YOUR ASSIGNMENT: Exactly the lines from the one containing "Fender CN-140SCE WN 4/4 Negro" through the one containing "廣東湛江招商國(guó)際郵輪城" in the listing below are to be copied, with the pictures left out.

***** PROVIDED MATERIAL

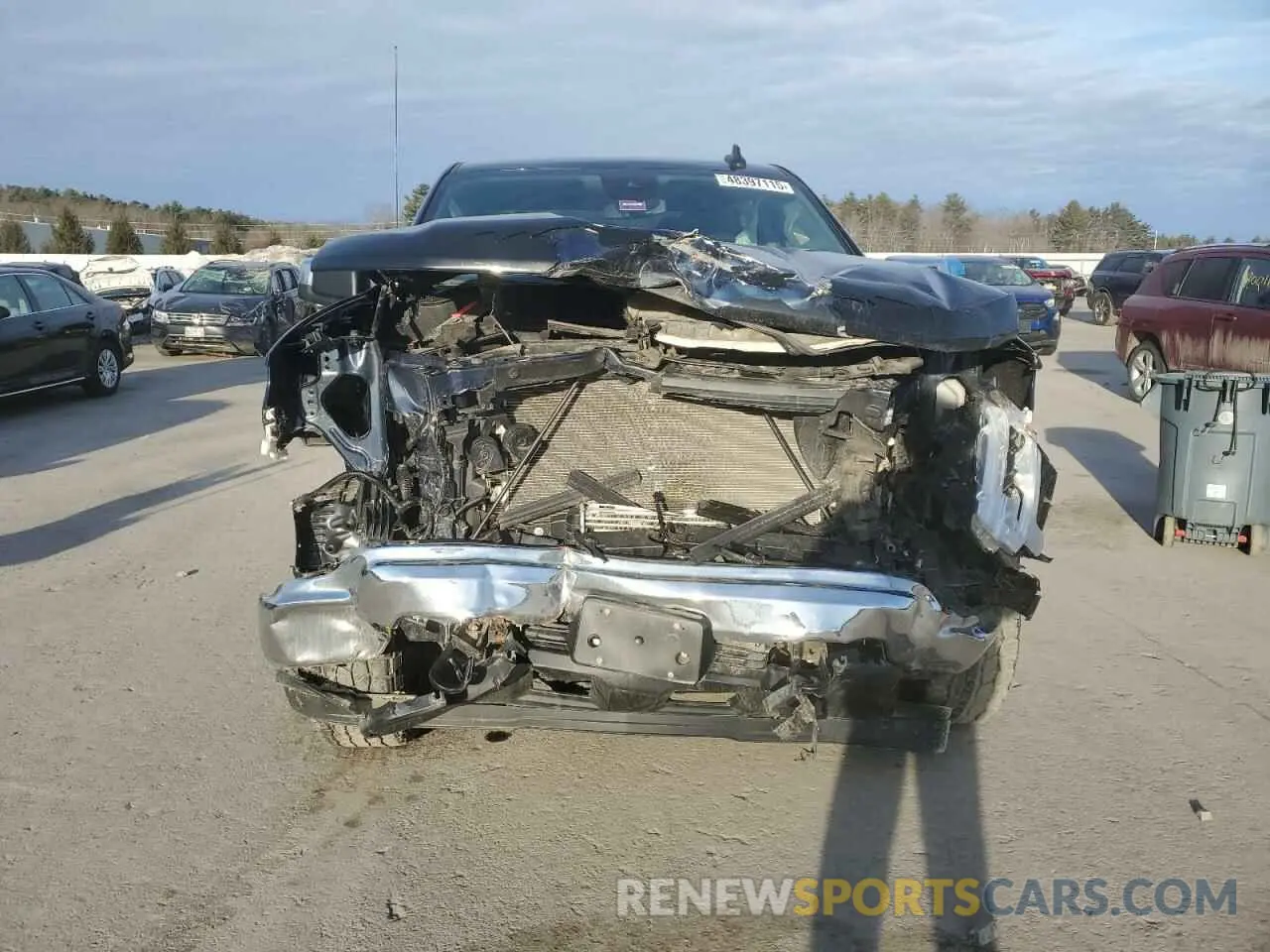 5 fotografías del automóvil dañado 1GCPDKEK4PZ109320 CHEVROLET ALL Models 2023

**********
***** PROVIDED MATERIAL

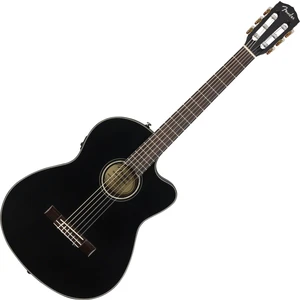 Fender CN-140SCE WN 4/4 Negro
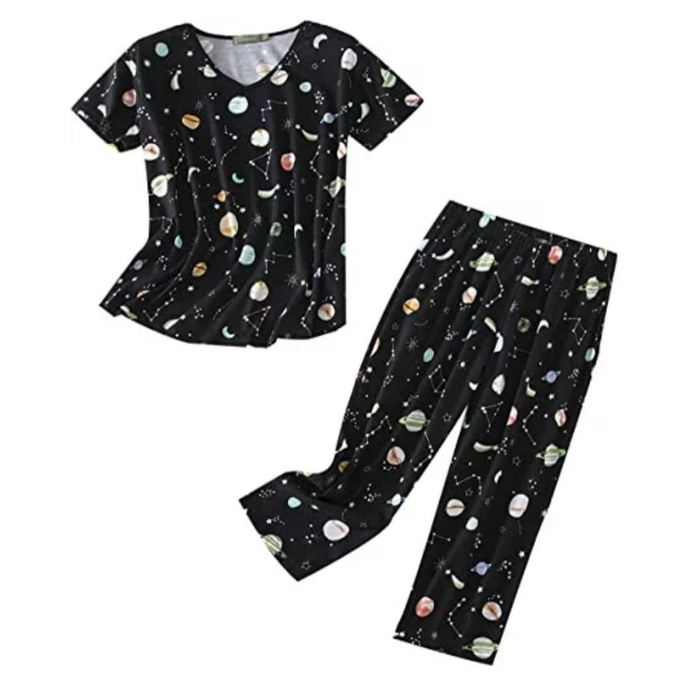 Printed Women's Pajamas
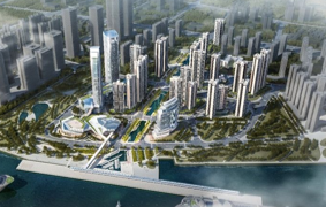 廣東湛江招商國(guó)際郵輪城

**********
***** PROVIDED MATERIAL

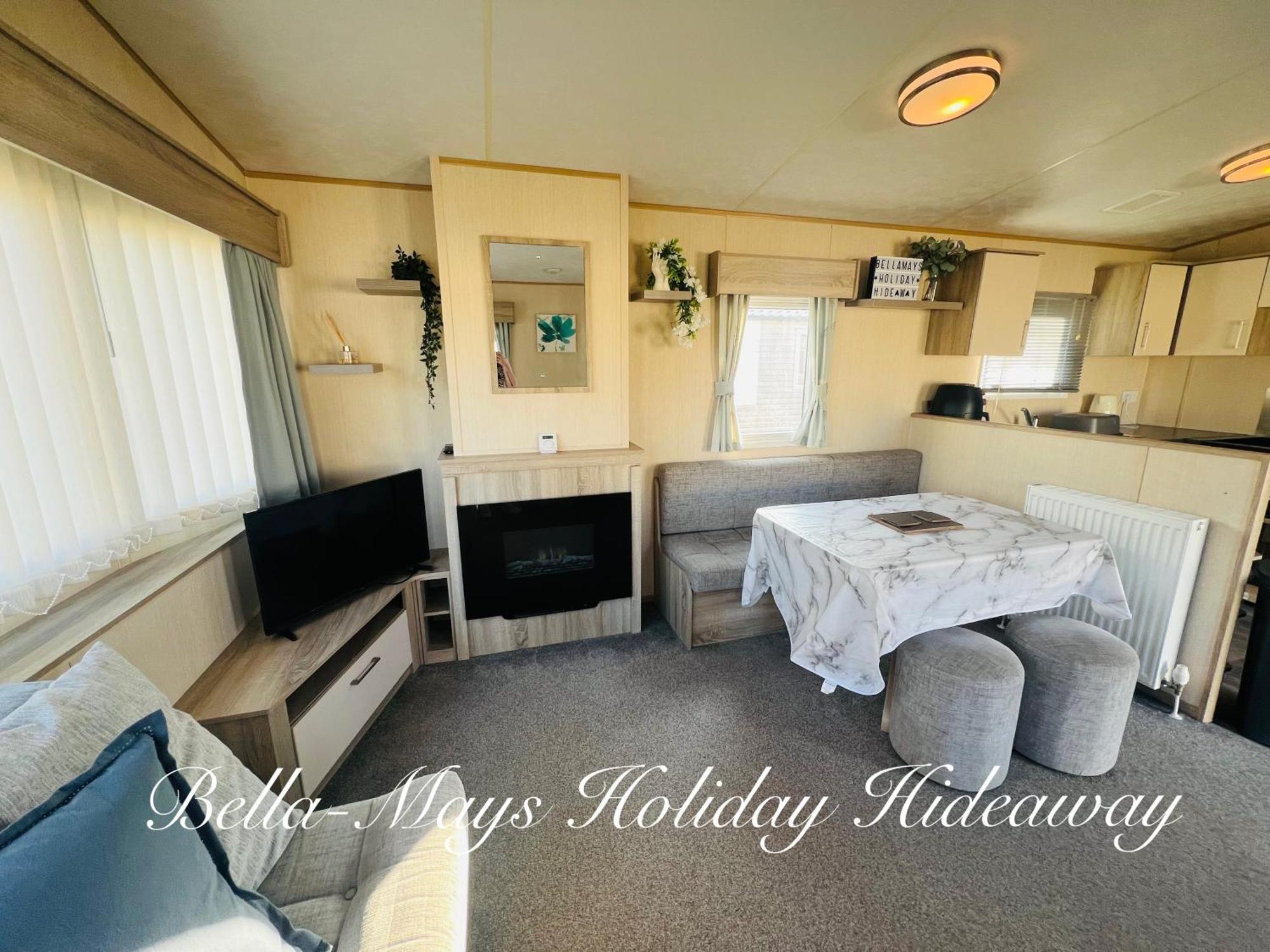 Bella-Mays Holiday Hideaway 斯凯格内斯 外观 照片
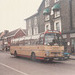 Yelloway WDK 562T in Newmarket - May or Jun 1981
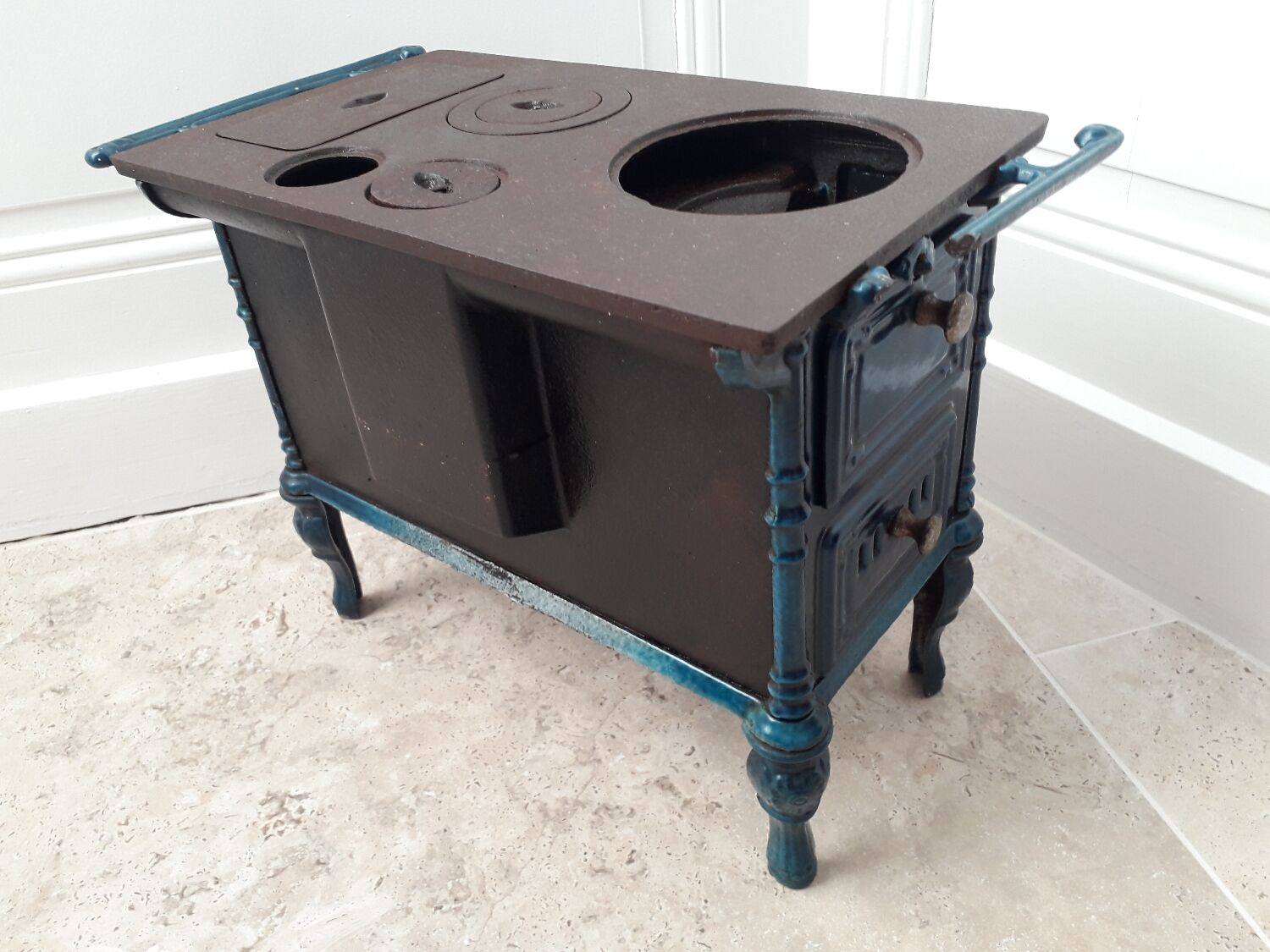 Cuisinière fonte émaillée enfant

**********

RESULT:
 Fender CN-140SCE WN 4/4 Negro
 Printed Women's Pajamas
 廣東湛江招商國(guó)際郵輪城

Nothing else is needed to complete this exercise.